> _REQUIRED WORK_
Skip the images and copy each record exactly as written.

> _THE RECORDS_
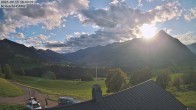 Archived image Webcam Aeschi - Ski hut Aeschiallmend 17:00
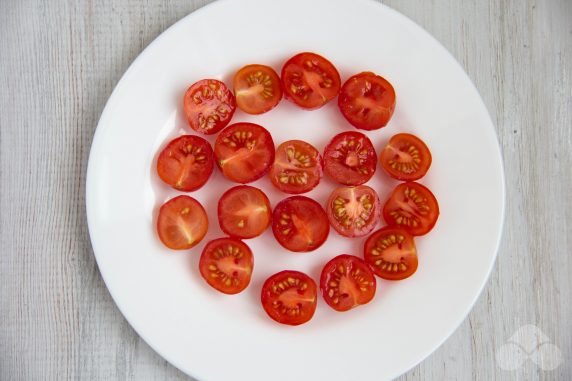 Shrimp salad, avocado and cherry tomatoes - recipe photo, step 4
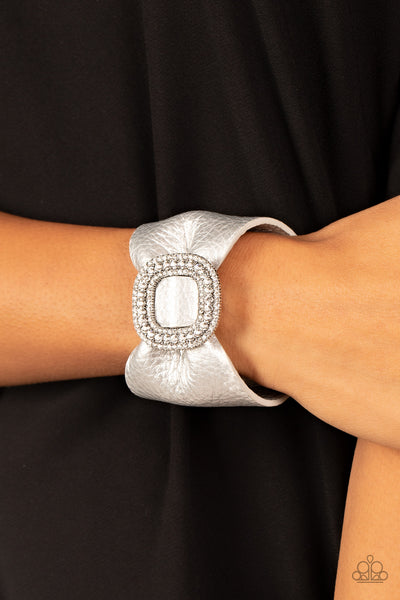 Paparazzi Lights, SELFIE, Action! - Silver Bracelet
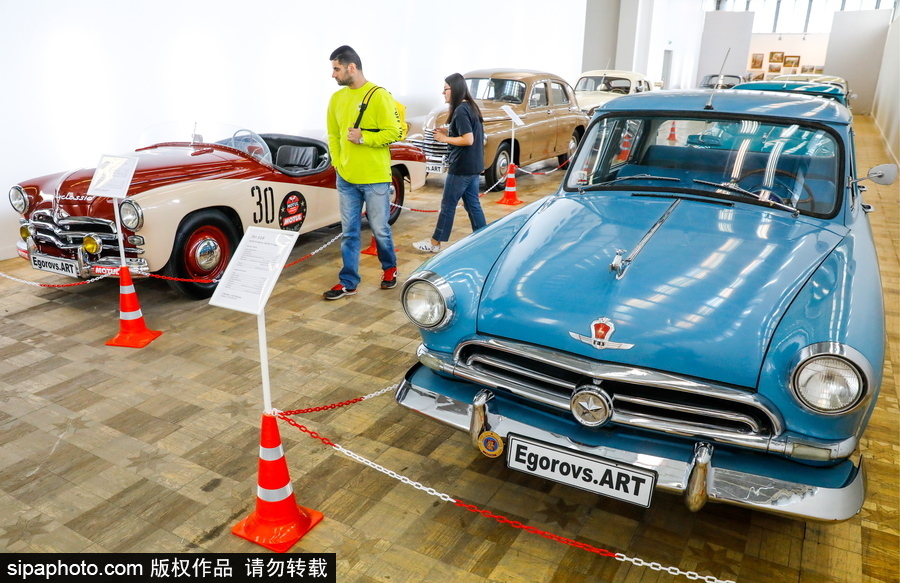 俄羅斯舉行稀有汽車拍賣會 各式古董老爺車亮相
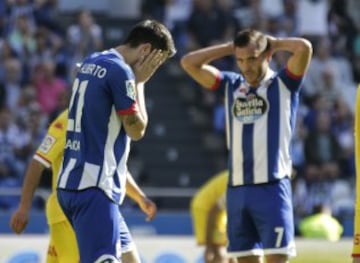 Lucas Pérez y Luis Alberto se lamentan de una ocasión.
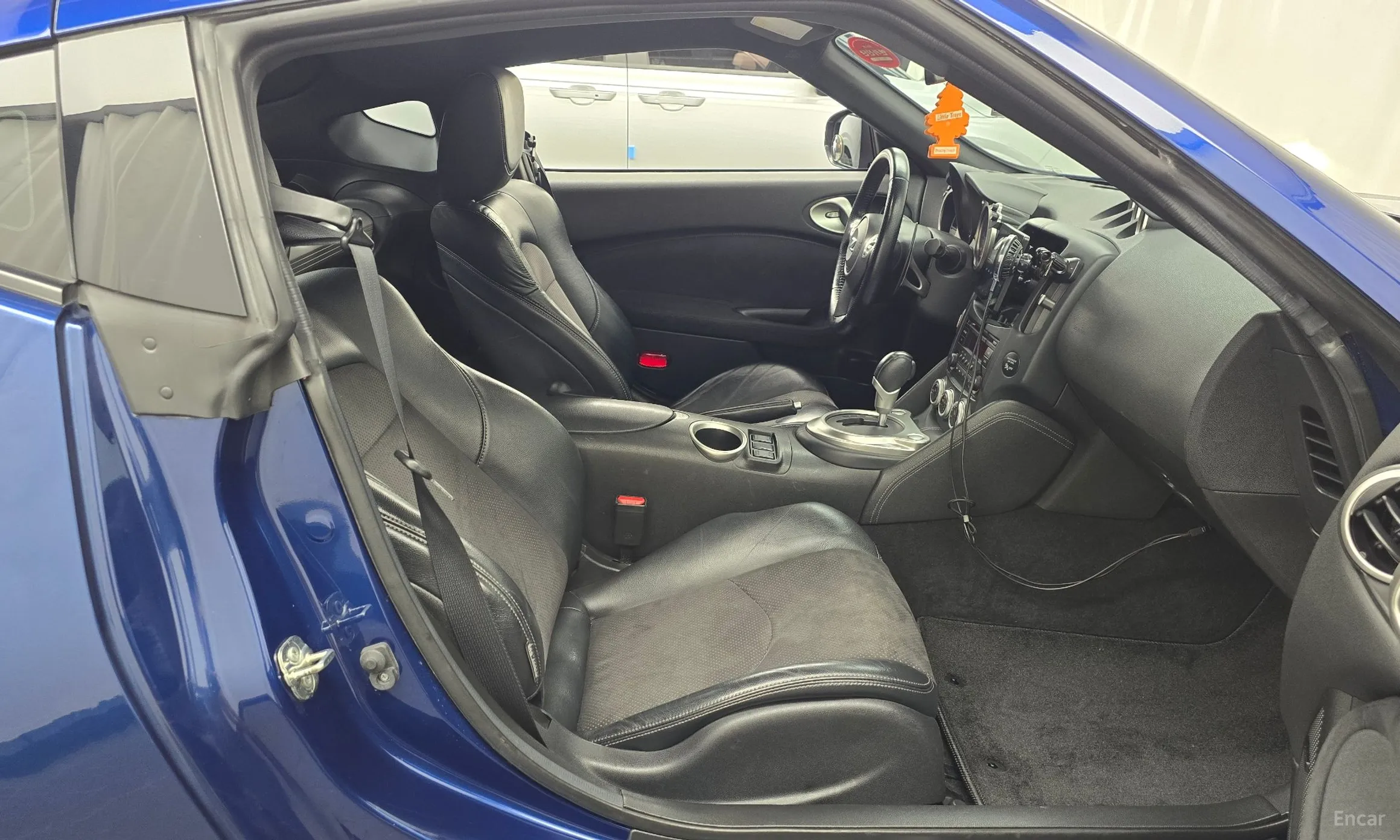 Nissan 370Z превью 11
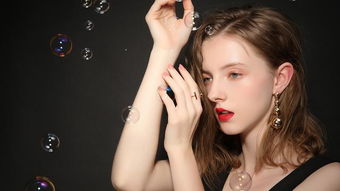 二、 气质禀赋：高雅脱俗与超凡绝尘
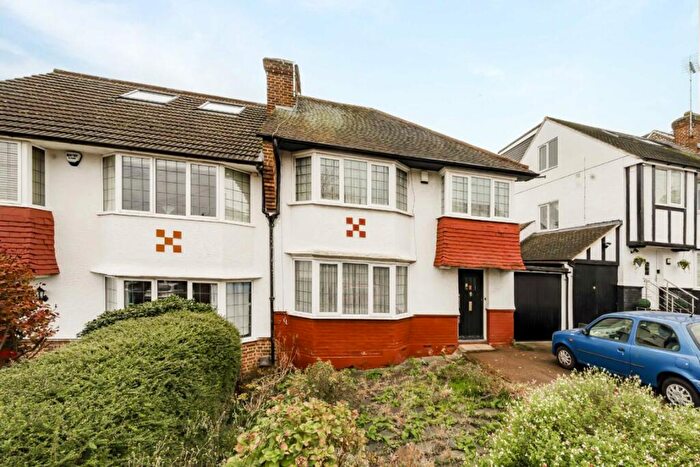 3 Bedroom House For Sale In Lovelace Road, Barnet, EN4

> _ANSWER SPACE_
 Archived image Webcam Aeschi - Ski hut Aeschiallmend 17:00
 Shrimp salad, avocado and cherry tomatoes - recipe photo, step 4
 Paparazzi Lights, SELFIE, Action! - Silver Bracelet
 俄羅斯舉行稀有汽車拍賣會 各式古董老爺車亮相
 Lucas Pérez y Luis Alberto se lamentan de una ocasión.
 Nissan 370Z превью 11
 二、 气质禀赋：高雅脱俗与超凡绝尘
 3 Bedroom House For Sale In Lovelace Road, Barnet, EN4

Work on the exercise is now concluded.